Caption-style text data
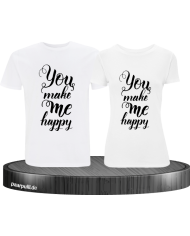 weißes Shirt Set für Pärchen mit you make me happy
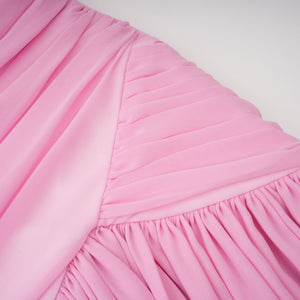 Aurohaya Laetitia Pink Pleated Train Ruched Maxi Dress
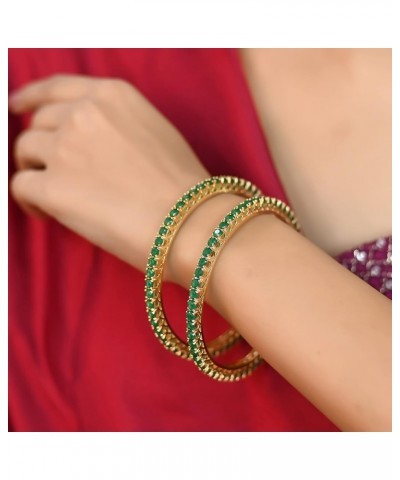 CZ Zirconia Gold Tone Red Green Blue Bollywood Wedding Indian Bangles Jewelry Women Green 2.4 Inches $13.23 Bracelets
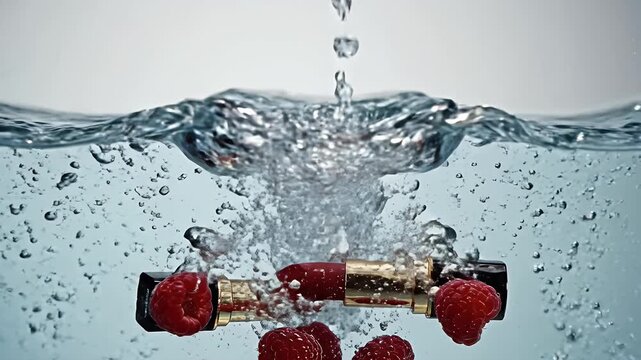 Red Lipstick Splashing in Water with Raspberries - A tube of red lipstick and several fresh raspberries are submerged in water, creating a splash effect.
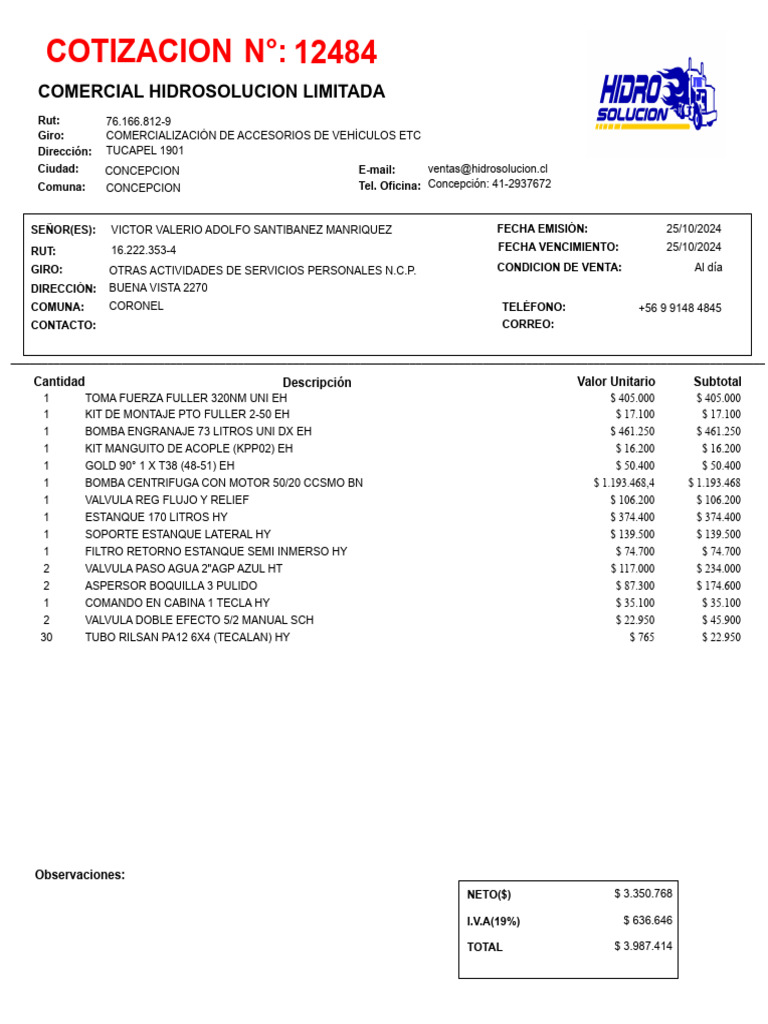 Cotizacion 12484 Victor Valerio Adolfo Santibanez Manriquez | PDF ...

## Problem
The answer must consist solely of the lines from the first line of the records through the line containing "Red Lipstick Splashing", reproduced exactly and without the pictures.

## Exercise response
 weißes Shirt Set für Pärchen mit you make me happy
 Aurohaya Laetitia Pink Pleated Train Ruched Maxi Dress
 CZ Zirconia Gold Tone Red Green Blue Bollywood Wedding Indian Bangles Jewelry Women Green 2.4 Inches $13.23 Bracelets
 Red Lipstick Splashing in Water with Raspberries - A tube of red lipstick and several fresh raspberries are submerged in water, creating a splash effect.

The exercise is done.